The Hydropsychidae are a family-level taxon consisting of net-spinning caddisflies.  Hydropsychids are common among much of the world's streams, and a few species occupy the shorelines of freshwater lakes.  Larvae of the hydropsychids construct nets at the open ends of their dwellings which are responsible for their "net-spinning caddisfly" common name.

Larvae
The hydropsychid larval stage, like most Trichoptera larvae, is spent entirely in fresh water.  They construct dwellings known as "retreats", which are fixed to the sides of rocks.  These retreats are typically composed of collected plant and mineral fragments.  At the large open end of their retreats, hydropsychids spin a net or sieve made of fine silk, similar to the silk produced by the larval form of the Lepidoptera (caterpillars), one of their close relatives.  These nets catch algae, detritus, and smaller invertebrates.  Different genera spin nets of different mesh sizes and shapes depending on what food type they are targeting. Because of this technique of food collection, hydropsychids require flowing water to ensnare items of food into their nets.

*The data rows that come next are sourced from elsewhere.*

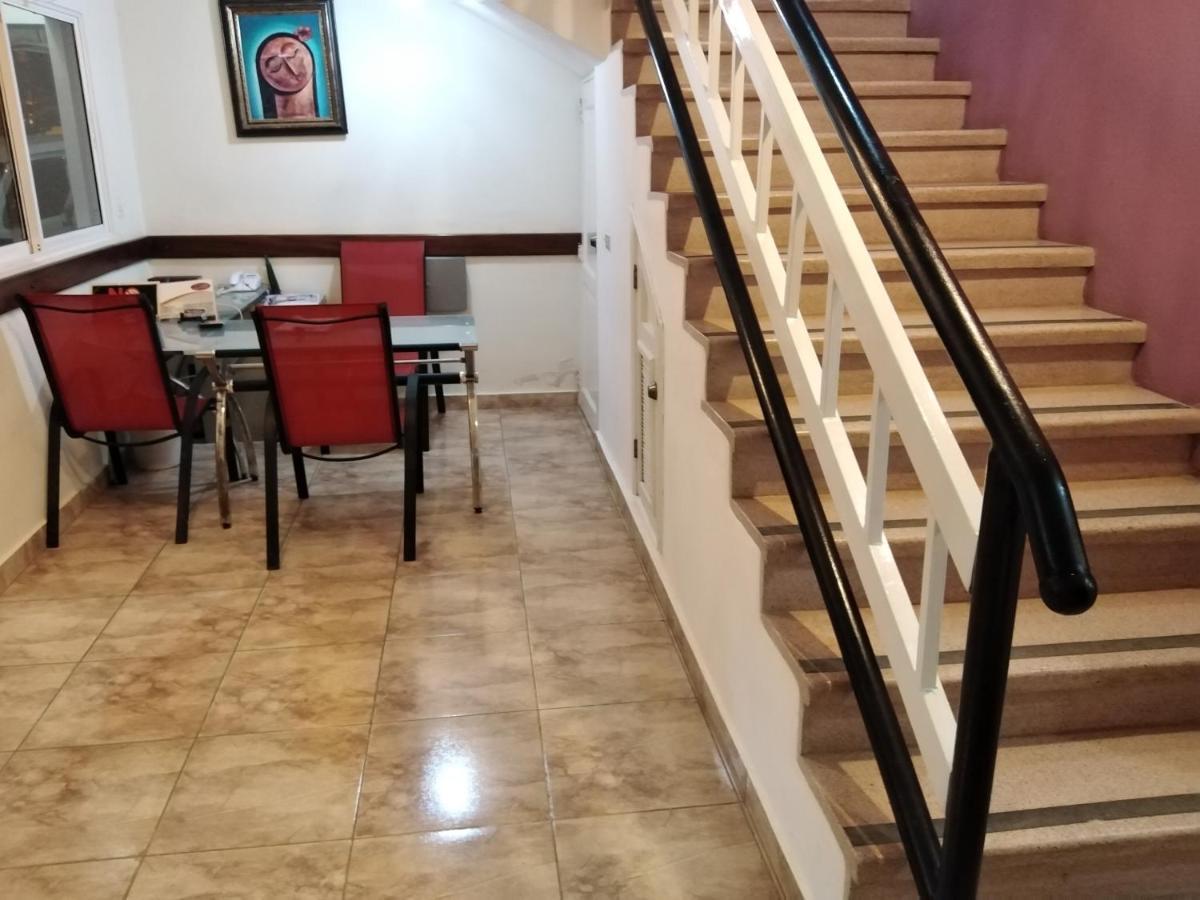 Hotel Samana Spring Kültér fotó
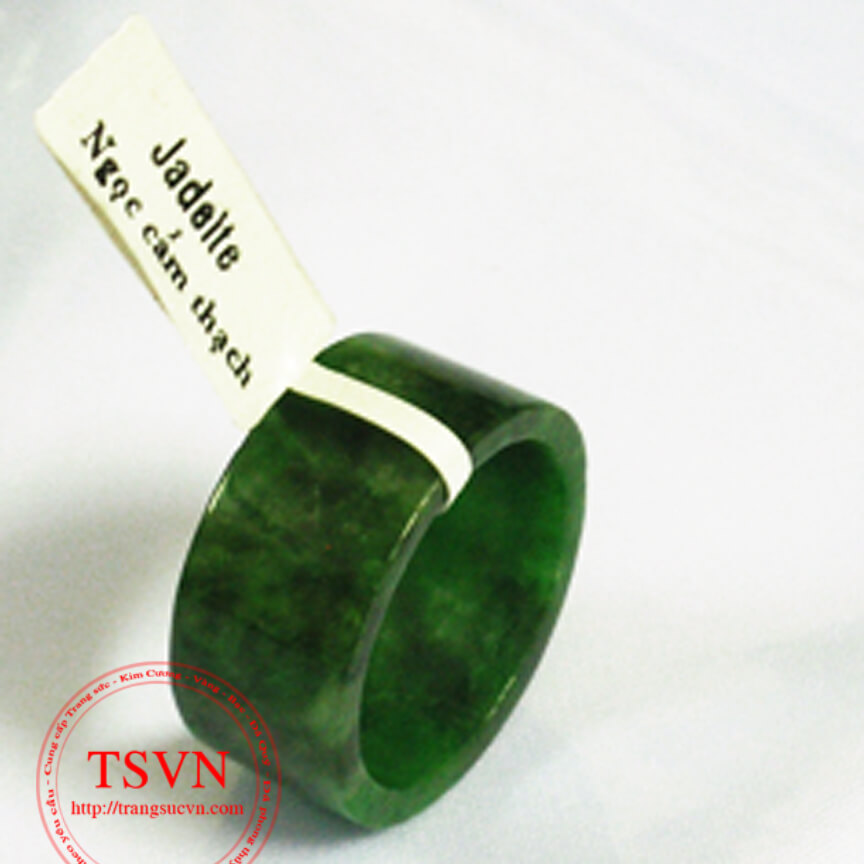 Nhẫn ngọc và ý nghĩa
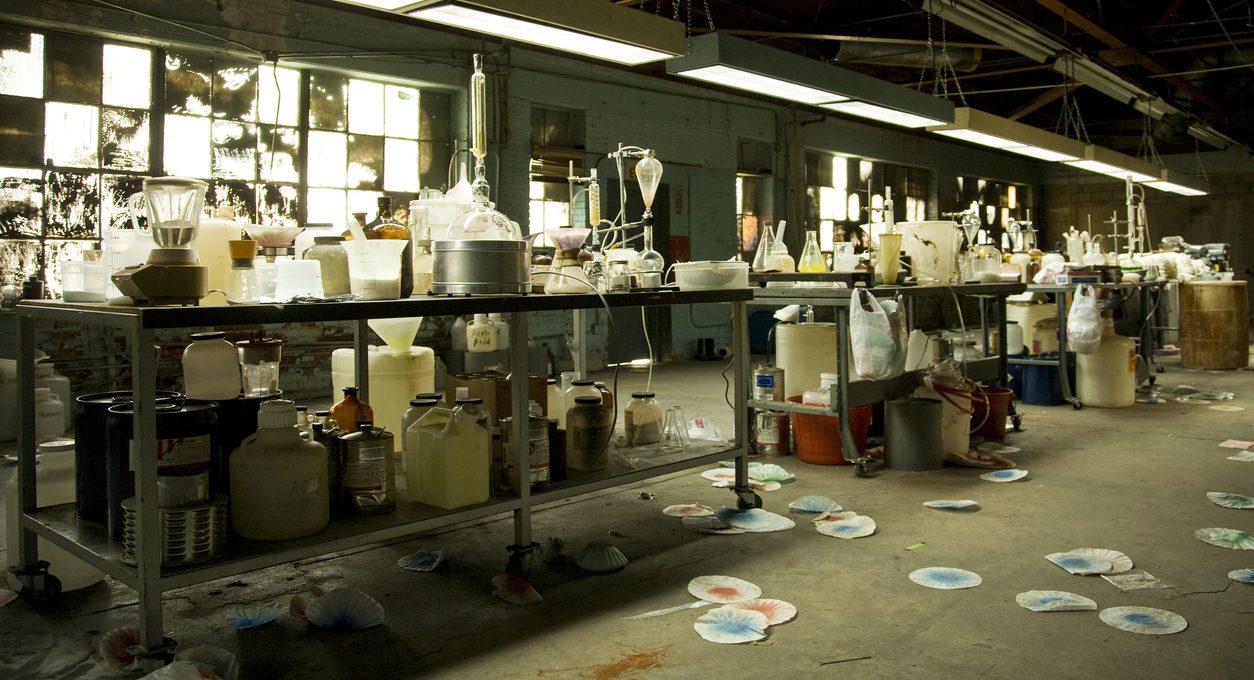 Ruim toxische drugsstorten op met verbeurd verklaard drugsgeld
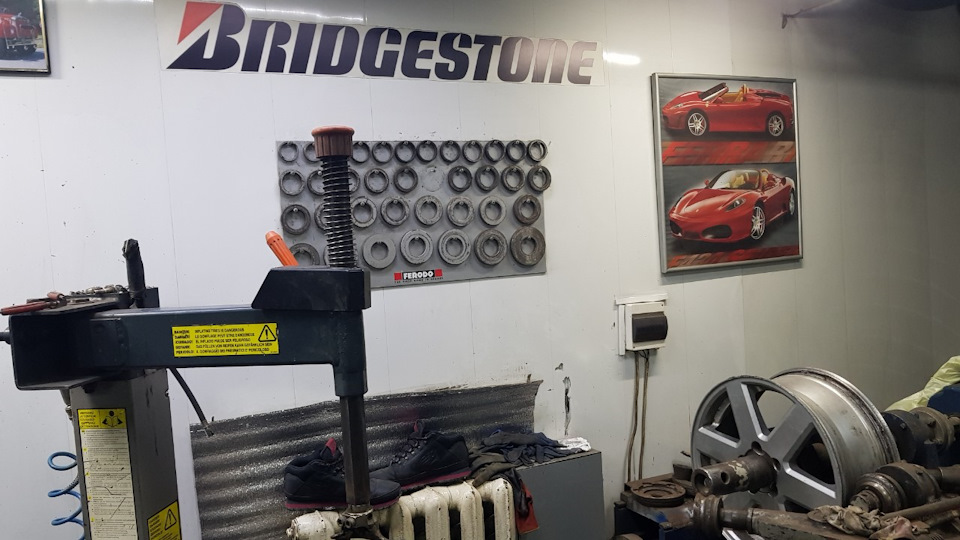 Bridgestone Blizzak dm-v2 235 65 R17 4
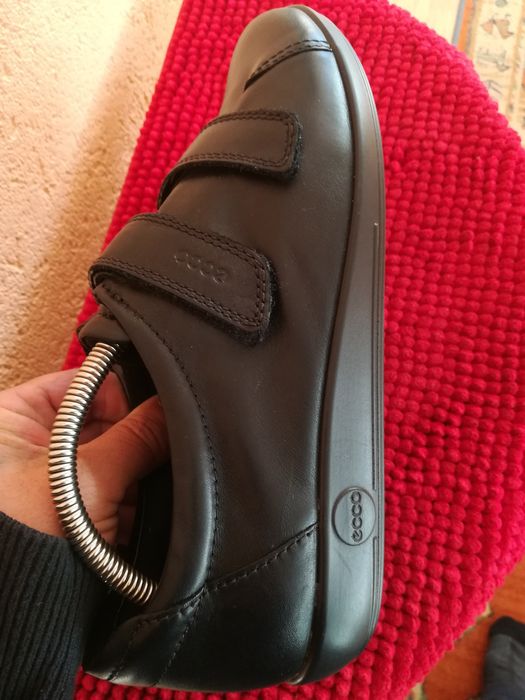 Pantofi noi Ecco nr 42 piele unisex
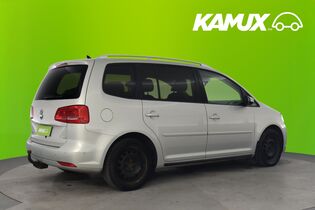 Volkswagen Touran vaihtoauto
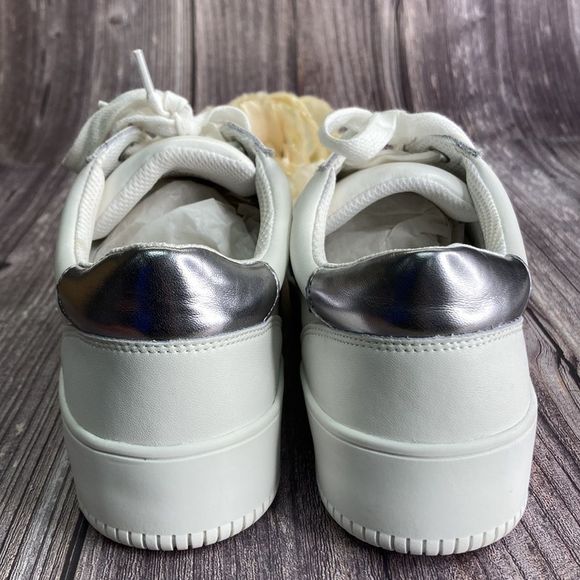 INC Libbee White/Pewter Lace-Up Croc Sneakers 7.5M - Picture 8 of 10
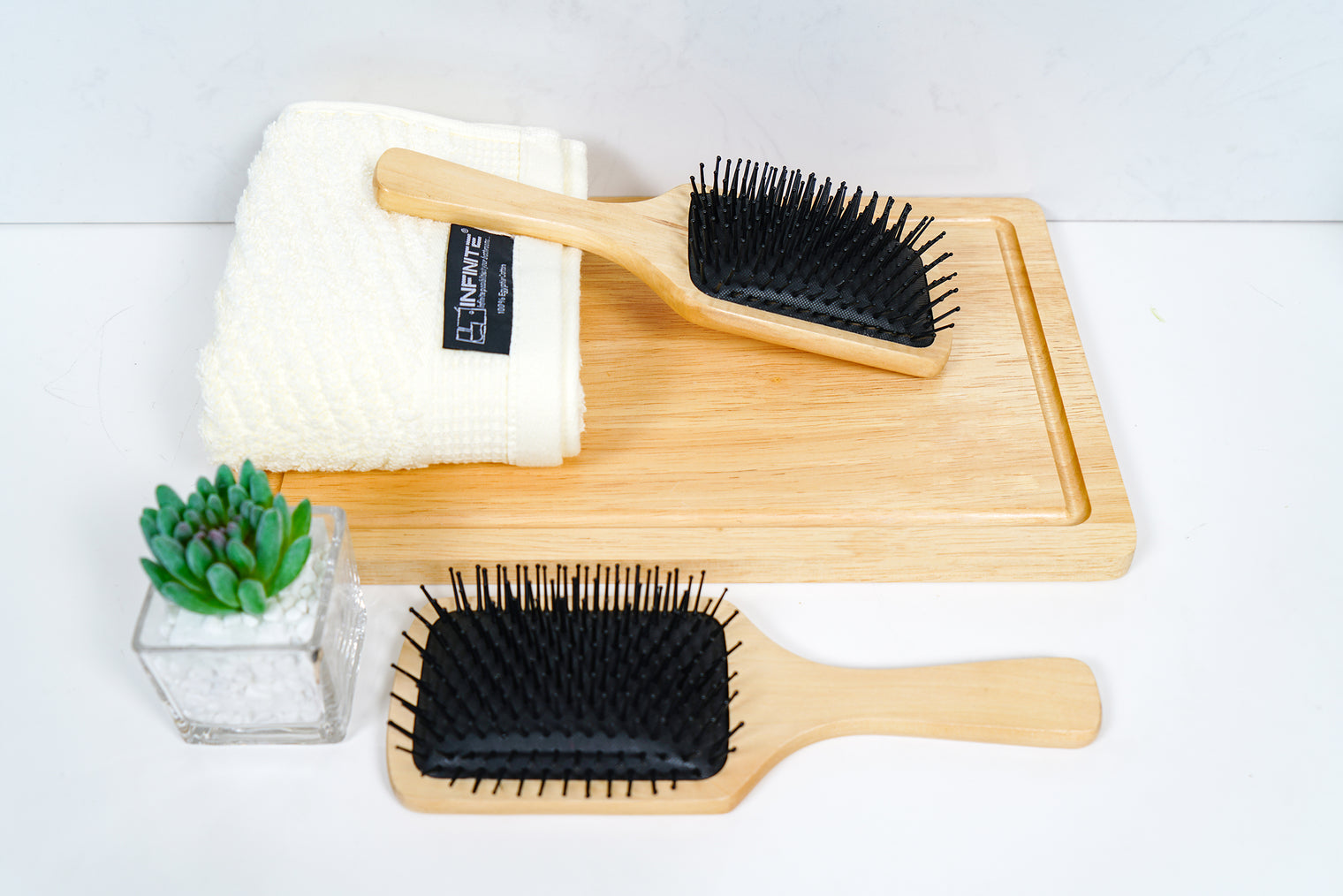 INFINITE | 583 Wooden Hairbrush | Wooden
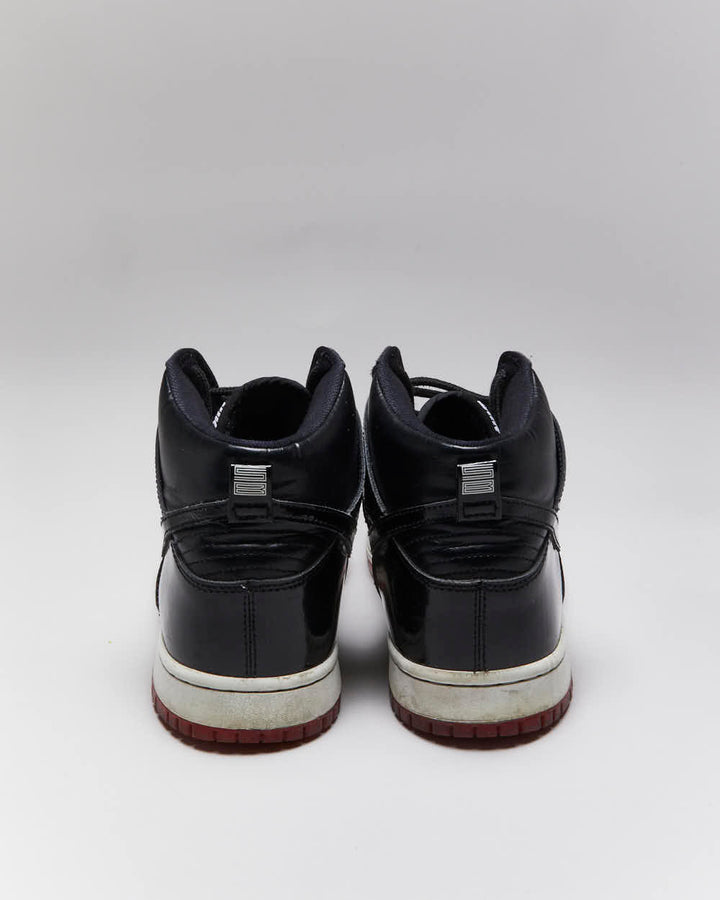 Nike SB Dunk High Trainers- UK8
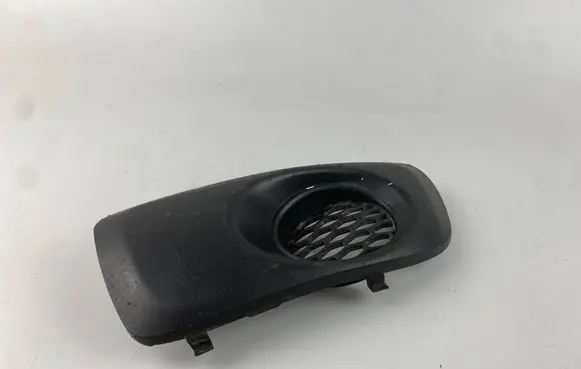 Subaru Impreza I Front fog light trim/grill 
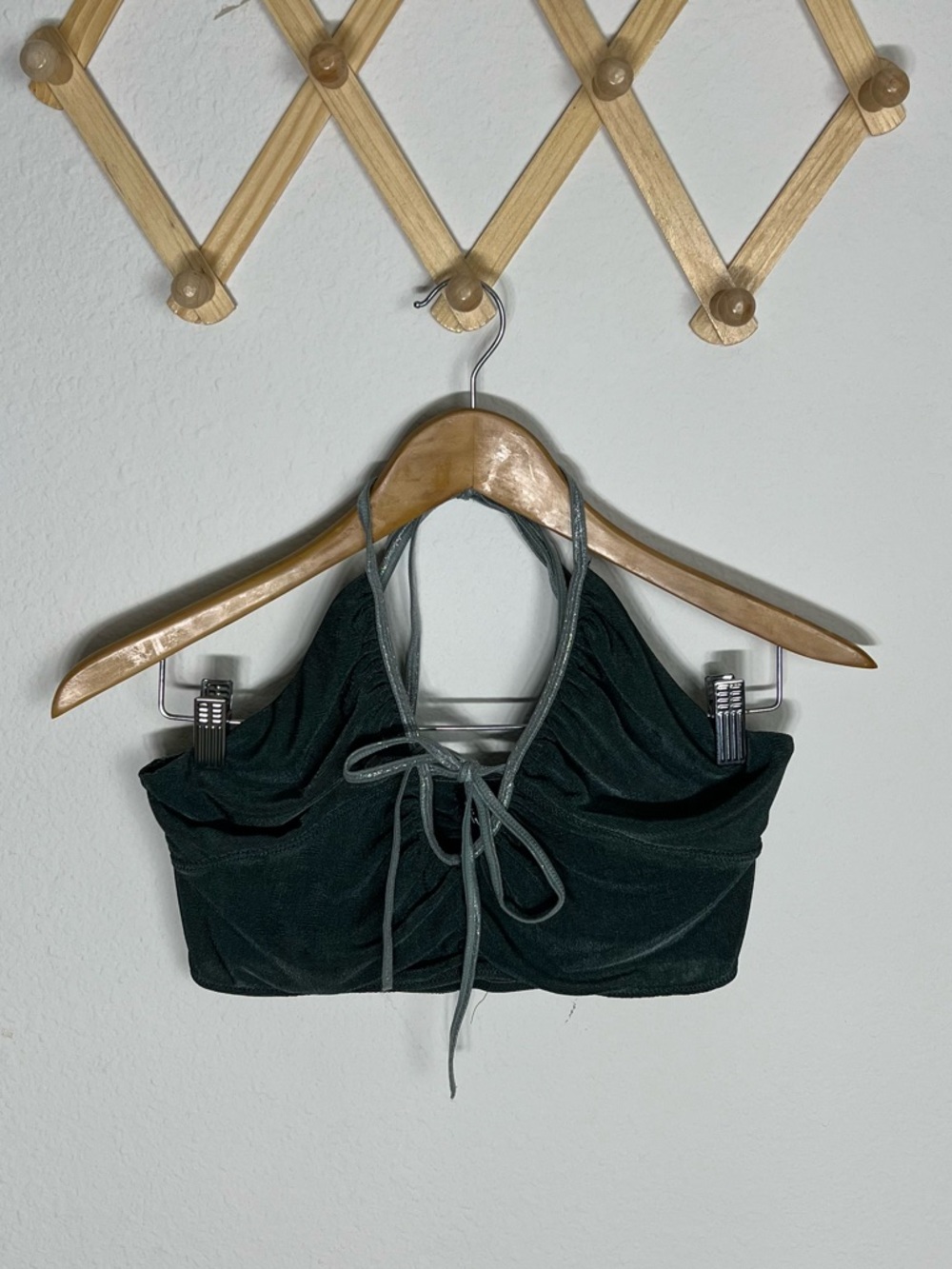 URBAN OUTFITTERS • halter top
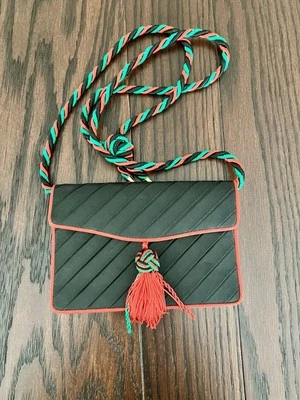 Cartera mensajera vintage de satén Bottega Veneta (no se encuentra/vende comúnmente) Foto 1 de 4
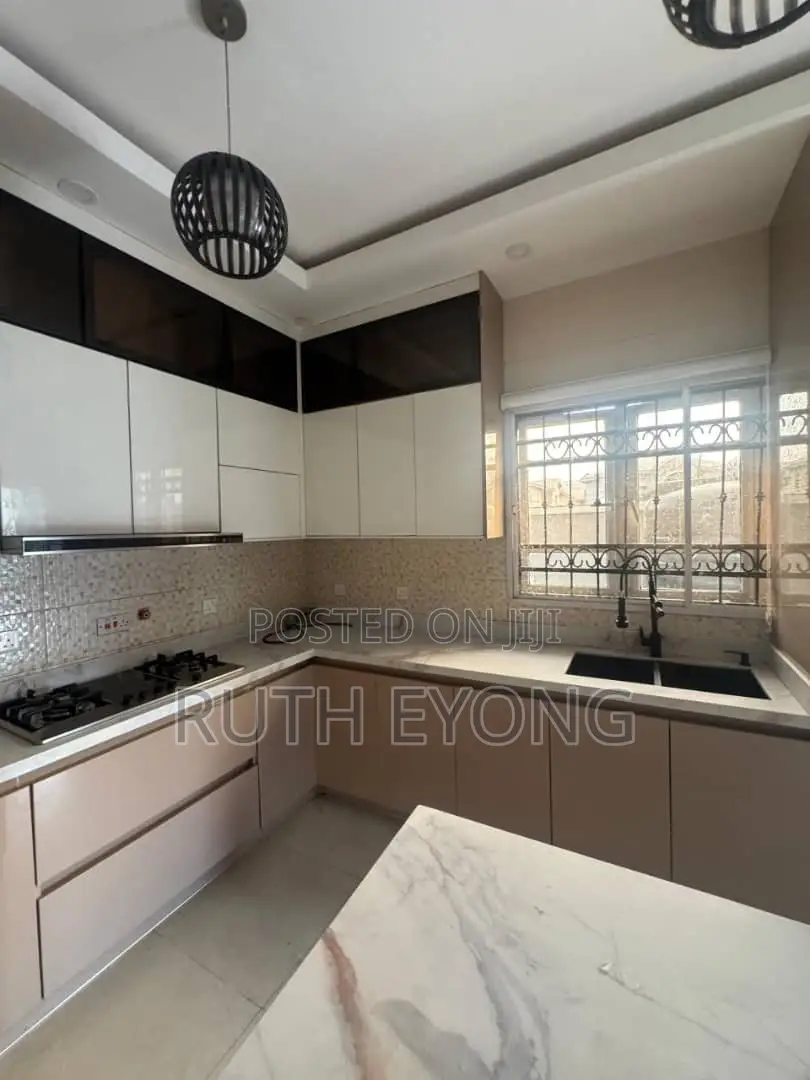 5bdrm Duplex in Lekki County Home, Ikota for rent in Ikota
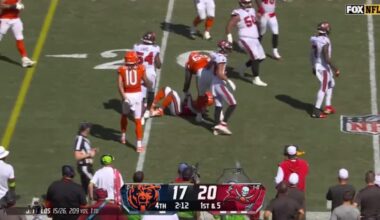 [Highlight] Throwback to the Bears running the same play 3 times in a row leading to a game losing pick 6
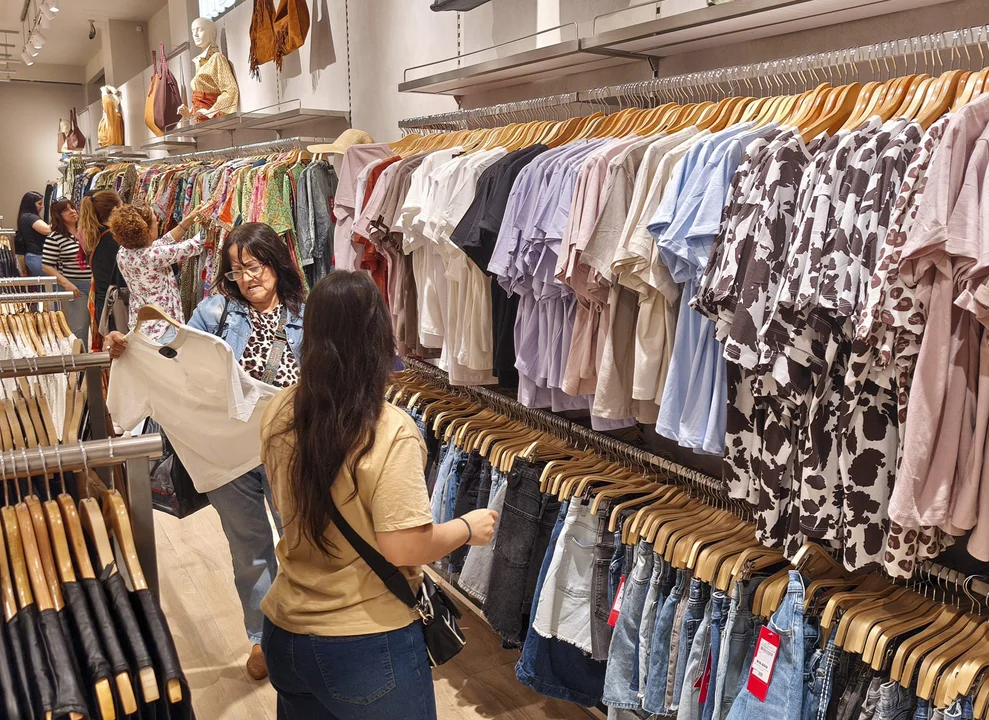 Industria en crisis: caen las ventas de indumentaria mientras crece la tensión financiera y los despidos 720 43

Hydropsychids are capable of performing a defensive stridulation in their larval stages.  Individuals stridulate to dissuade other hydropsychids from attempts to steal their retreats.  When individuals abandon, or become dislodged from, their retreats, they must build or seize a new retreat.  "Home-less" hydropsychids will sometimes search out retreats currently occupied by another member of their species.  This can result in a confrontation between individuals, each vying for ownership of an established retreat.  Stridulating warns foes that a retreat is occupied and attempting to enter is unwise.  This noise is made by running their femurs across ridges on the undersides of their heads.  It is still unclear whether this noise is also used to dissuade insect predators.

Anatomy

Hydropsychid larvae are unique from most Trichoptera due to their fully scleritized dorsum.  Only the Hydroptilidae family share this characteristic with the hydropsychids.  This feature combined with branched gills running along ventral surface of their abdomens differentiate the hydropsychids from all other trichopterans.  The hydropsychids have large anal prolegs equipped with hooks, allowing them to grasp the side of rocks in river and stream beds.  Individuals are easily identified without the use of a lens by their large, curved bodies. In India four subfamilies (Arctopsychinae, Martynov 1924, Diplectroninae, Ulmer 1951, Hydropsychinae, Curtis 1835, Macronematinae, Ulmer 1905) have been reported so far which includes 15 genera and 128 species.

Environmental indicators
Due to hydropsychid's presence in a wide range of rivers and streams worldwide, it has been favored as an indicator species.  Some genera, sensitive to certain contaminants or pollutants, suffer declines in growth and/or survival. Thus, like a canary in a coal mine, researchers can examine stream hydropsychid populations to assess stream health (see EPT or Index of biological integrity).